__WHAT IS BEING ASKED__. Go to the line below that contains "Howlin' Dreamy Cosmic Checkerboard Scarf". From there to the end of the records, reproduce each line exactly, except the pictures.

__RECORDS SHOWN__.
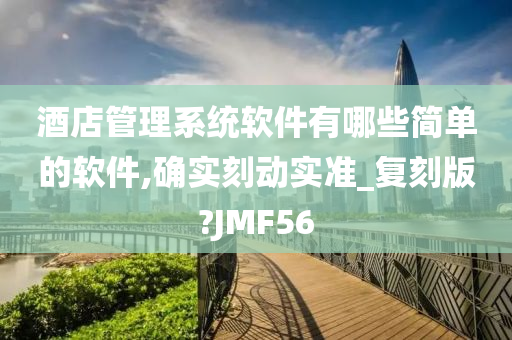 酒店管理系统软件有哪些简单的软件,确实刻动实准_复刻版?JMF56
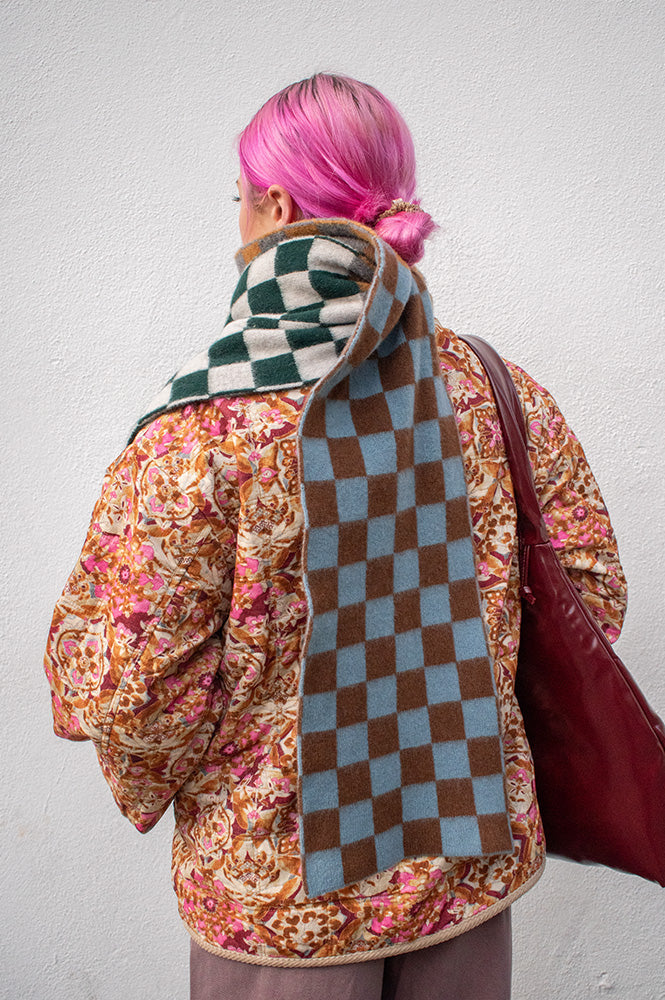 Howlin' Dreamy Cosmic Checkerboard Scarf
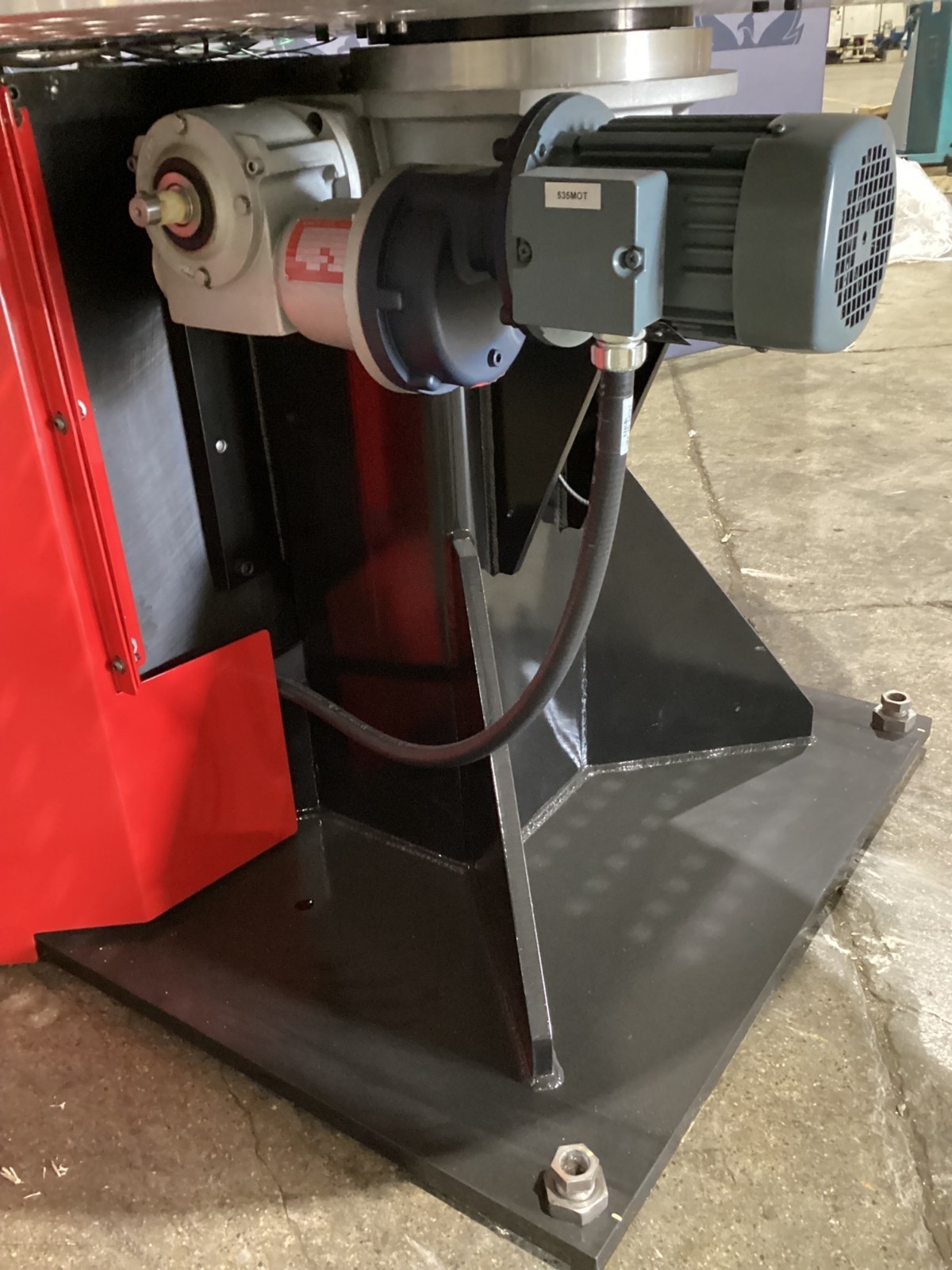 Rotary Indexing Table w/ Perforated Downdraft Surface for Welding/Assembly USED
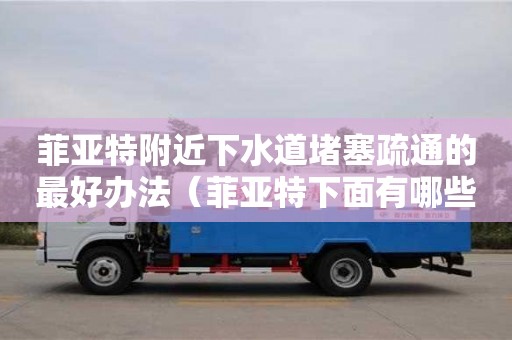 菲亚特附近下水道堵塞疏通的最好办法（菲亚特下面有哪些品牌）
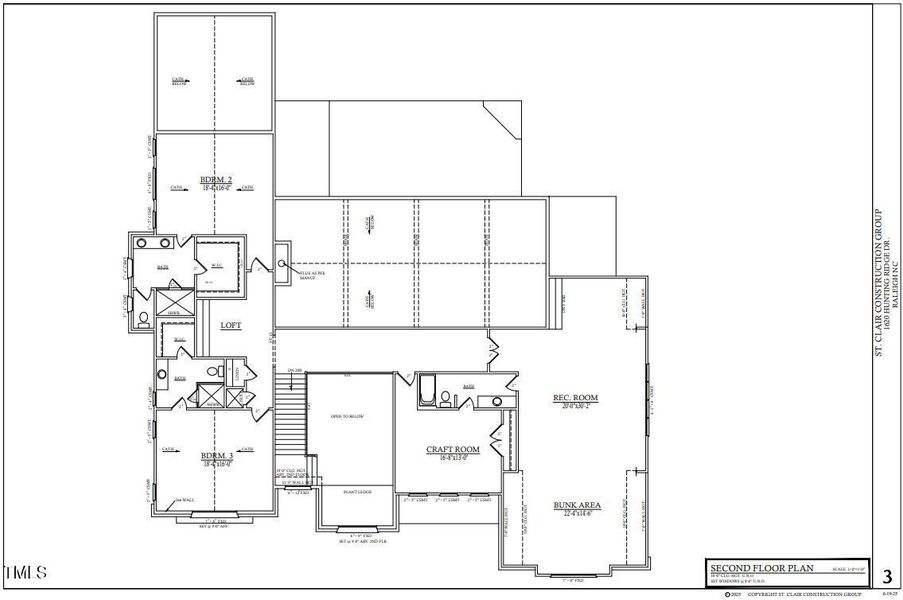 1620 Hunting Ridge FP Second Floor
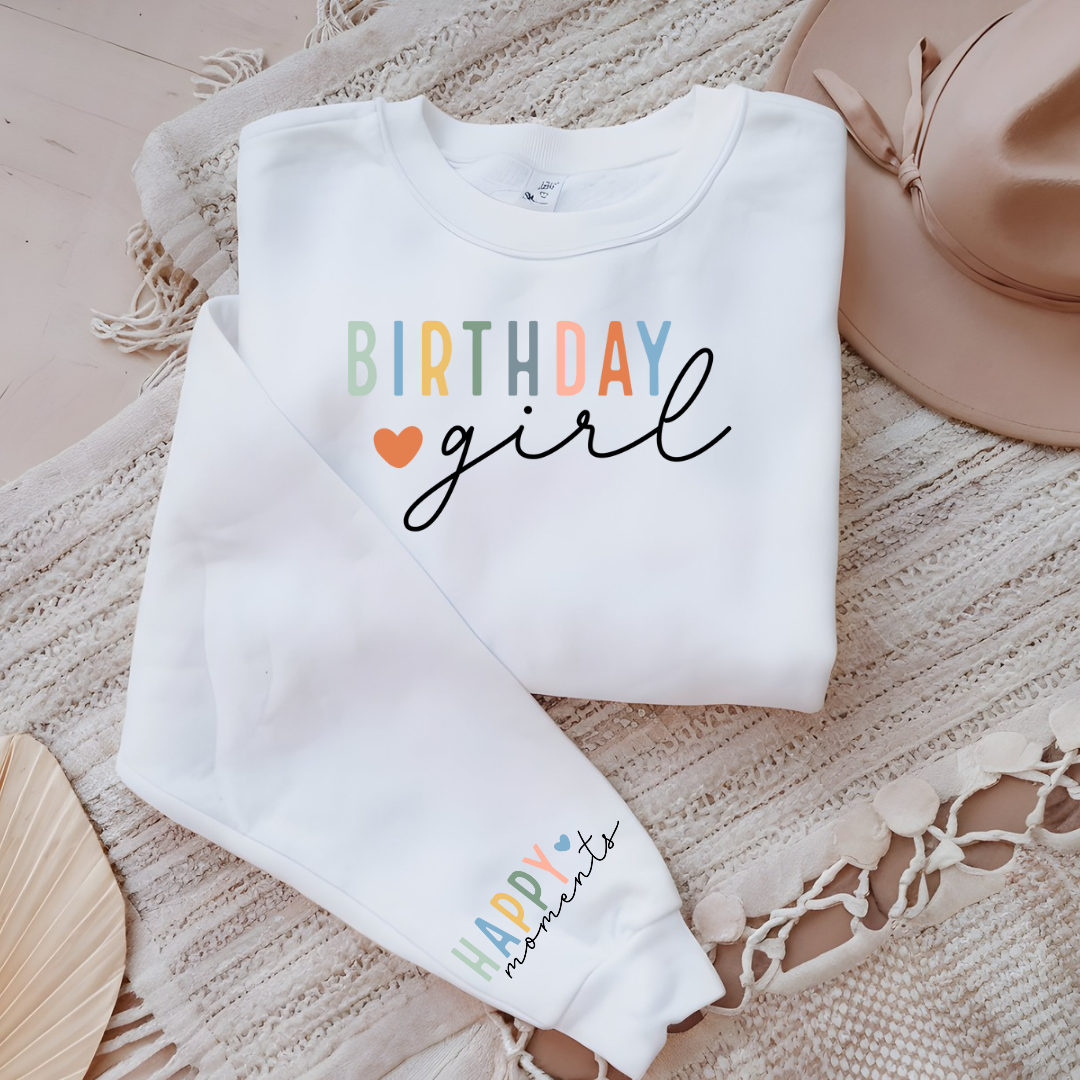 Birthday Girl Jumper - Rainbow Fun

__RESULT OF THIS EXERCISE__.
 Howlin' Dreamy Cosmic Checkerboard Scarf
 Rotary Indexing Table w/ Perforated Downdraft Surface for Welding/Assembly USED
 菲亚特附近下水道堵塞疏通的最好办法（菲亚特下面有哪些品牌）
 1620 Hunting Ridge FP Second Floor
 Birthday Girl Jumper - Rainbow Fun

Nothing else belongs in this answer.